Dodd-Frank sought to regulate the sale of security-based swaps to persons who are not ECPs (typically, individuals must have at least $5 to $10 million invested on a discretionary basis to qualify as ECPs) by making the offering or selling of security-based swaps to non-ECPs a violation of federal securities laws unless each transaction is carried out pursuant to an effective registration statement and on a national securities exchange. However, the SEC reported that many of the shareholders and investors with whom the San Francisco-based firm transacted were not ECPs, and yet the firm neither (i) filed a registration statement for any of the security-based swaps it offered nor (ii) sold them through a national securities exchange.

SEC San Francisco Regional Office Director Jina Choi stated that firms must prioritize the protection of investors:

"Market participants are free to capitalize on the growth of private technology companies . . . but [securities] laws must be followed to ensure security-based swaps are registered and sold through platforms where investors have full disclosure and protections."

In a separate no-action letter, the SEC Division of Corporation Finance waived the disqualification of the firm under the "bad actor" provisions of Securities Act Rules 506(d) of Regulation D and 262(b) of Regulation A. The waiver was required by the settlement of the SEC enforcement action and is contingent on the firm's continued compliance with the terms of the SEC Order.

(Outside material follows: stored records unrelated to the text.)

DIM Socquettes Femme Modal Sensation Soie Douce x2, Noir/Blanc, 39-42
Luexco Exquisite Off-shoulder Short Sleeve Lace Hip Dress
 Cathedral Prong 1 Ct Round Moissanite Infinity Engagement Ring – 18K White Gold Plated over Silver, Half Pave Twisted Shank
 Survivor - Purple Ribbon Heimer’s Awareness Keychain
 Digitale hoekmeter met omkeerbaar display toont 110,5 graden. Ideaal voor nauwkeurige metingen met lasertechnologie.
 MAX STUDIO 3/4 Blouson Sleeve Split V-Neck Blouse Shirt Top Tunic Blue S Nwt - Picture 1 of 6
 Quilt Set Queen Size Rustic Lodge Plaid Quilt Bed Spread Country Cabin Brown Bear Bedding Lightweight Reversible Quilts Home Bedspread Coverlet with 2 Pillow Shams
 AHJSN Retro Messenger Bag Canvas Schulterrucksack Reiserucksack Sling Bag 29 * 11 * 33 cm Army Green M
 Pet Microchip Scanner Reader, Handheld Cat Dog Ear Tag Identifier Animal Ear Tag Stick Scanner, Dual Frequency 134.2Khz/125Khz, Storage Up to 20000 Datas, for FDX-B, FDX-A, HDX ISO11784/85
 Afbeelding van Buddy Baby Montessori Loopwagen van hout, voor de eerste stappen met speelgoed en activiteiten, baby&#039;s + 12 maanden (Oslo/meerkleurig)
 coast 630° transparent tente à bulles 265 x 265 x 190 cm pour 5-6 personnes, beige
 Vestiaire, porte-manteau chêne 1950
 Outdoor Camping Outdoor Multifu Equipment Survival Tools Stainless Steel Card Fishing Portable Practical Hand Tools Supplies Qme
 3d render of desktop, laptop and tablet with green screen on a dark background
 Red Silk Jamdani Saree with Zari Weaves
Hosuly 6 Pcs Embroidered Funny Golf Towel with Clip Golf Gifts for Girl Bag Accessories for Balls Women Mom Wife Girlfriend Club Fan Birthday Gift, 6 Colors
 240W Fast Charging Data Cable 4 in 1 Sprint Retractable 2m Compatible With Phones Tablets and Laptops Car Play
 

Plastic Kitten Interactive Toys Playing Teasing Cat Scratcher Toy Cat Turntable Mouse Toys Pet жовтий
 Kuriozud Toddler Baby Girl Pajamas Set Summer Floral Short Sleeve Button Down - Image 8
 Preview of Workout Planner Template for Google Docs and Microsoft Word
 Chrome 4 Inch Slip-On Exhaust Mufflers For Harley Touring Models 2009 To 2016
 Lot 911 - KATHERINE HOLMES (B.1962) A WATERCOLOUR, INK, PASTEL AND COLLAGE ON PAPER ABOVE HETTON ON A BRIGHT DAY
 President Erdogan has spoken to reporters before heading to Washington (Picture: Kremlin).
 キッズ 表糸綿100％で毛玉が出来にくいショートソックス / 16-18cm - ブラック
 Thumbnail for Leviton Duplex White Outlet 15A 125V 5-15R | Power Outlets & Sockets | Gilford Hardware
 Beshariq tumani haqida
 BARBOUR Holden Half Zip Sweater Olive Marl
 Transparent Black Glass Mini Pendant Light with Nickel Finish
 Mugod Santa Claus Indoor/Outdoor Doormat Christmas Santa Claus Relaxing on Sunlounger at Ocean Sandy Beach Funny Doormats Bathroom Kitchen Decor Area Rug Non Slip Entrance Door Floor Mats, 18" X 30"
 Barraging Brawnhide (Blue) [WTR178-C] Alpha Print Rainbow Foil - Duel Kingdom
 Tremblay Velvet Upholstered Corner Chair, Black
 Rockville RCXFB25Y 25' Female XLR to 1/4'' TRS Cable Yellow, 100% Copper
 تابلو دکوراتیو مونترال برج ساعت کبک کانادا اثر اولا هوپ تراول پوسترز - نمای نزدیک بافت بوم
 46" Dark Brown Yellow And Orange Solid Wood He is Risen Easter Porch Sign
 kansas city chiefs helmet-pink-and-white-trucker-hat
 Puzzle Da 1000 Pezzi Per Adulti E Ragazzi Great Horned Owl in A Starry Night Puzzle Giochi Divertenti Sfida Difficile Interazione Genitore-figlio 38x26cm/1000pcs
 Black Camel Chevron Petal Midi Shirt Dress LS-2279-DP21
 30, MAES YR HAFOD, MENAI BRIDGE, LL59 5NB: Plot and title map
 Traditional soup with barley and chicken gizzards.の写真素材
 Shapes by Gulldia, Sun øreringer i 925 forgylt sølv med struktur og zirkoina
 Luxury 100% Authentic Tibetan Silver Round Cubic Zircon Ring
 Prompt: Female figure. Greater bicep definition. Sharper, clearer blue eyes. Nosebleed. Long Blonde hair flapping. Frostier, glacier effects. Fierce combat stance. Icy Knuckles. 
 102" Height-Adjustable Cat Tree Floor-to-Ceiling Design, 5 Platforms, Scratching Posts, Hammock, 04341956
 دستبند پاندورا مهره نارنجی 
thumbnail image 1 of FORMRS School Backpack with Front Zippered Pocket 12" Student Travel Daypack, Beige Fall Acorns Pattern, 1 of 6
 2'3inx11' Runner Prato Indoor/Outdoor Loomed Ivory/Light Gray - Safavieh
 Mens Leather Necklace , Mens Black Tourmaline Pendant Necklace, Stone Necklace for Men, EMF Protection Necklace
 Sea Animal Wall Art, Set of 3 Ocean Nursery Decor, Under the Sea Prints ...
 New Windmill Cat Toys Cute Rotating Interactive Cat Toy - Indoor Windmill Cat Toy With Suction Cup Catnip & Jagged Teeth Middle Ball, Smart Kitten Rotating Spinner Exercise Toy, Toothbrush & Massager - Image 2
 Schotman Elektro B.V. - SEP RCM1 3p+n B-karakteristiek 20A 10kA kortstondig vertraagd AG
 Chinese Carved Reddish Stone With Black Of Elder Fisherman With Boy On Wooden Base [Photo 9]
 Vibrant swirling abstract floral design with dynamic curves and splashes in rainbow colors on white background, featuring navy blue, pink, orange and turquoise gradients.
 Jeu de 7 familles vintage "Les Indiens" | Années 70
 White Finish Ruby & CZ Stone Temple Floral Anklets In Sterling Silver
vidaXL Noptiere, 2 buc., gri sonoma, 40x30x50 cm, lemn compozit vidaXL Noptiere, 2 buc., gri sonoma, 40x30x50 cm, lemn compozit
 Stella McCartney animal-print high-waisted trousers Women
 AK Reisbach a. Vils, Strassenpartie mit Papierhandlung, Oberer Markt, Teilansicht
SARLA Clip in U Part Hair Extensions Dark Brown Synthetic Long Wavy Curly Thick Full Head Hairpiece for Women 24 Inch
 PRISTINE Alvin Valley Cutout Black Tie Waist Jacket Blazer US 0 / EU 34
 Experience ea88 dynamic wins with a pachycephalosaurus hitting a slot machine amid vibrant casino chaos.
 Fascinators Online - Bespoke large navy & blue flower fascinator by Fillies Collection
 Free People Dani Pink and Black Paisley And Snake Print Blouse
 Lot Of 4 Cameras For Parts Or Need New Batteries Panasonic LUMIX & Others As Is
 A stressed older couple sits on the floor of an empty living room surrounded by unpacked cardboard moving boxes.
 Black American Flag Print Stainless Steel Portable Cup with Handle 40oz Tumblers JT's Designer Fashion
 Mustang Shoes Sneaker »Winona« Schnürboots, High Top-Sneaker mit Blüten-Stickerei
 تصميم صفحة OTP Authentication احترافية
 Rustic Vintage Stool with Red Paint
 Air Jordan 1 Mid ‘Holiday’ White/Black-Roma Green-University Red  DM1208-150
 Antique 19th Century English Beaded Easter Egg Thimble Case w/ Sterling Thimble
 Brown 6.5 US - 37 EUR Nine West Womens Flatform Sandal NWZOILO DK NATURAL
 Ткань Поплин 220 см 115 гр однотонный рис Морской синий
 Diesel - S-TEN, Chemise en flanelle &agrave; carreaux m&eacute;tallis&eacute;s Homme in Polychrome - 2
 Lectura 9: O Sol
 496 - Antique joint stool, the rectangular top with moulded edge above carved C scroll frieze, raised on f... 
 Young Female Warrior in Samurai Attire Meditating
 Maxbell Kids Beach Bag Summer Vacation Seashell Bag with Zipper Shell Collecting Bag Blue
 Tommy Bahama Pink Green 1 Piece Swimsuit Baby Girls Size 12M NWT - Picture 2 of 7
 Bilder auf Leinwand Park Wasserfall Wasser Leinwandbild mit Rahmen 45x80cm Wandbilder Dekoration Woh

Commentary - Steven Lofchie

This is the second significant enforcement action that the SEC has brought against a firm for illegally entering into or arranging security-based swaps with retail investors. (See also  Company Settles SEC Charge of Failing to Register "Fantasy Sports for Stocks" Mobile Phone Game.) The second action is as troubling as the first, but not because the charged party might have been undeserving of sanction. It is troubling because the violation was not primarily the act of selling swaps to unsophisticated investors. In the previous case, the real crime was that the swaps company had run a bucket shop for betting on stocks. In this case, the crime was that the swaps arranger likely had tried to help sellers and buyers do an end-around on any prohibitions on the sale of the underlying stock, whether the prohibitions arose under the Securities Act or were part of the sellers' agreements with their employers. Ultimately, the true crime was not the firm's use of swaps. It was the method by which the so-called crime was committed.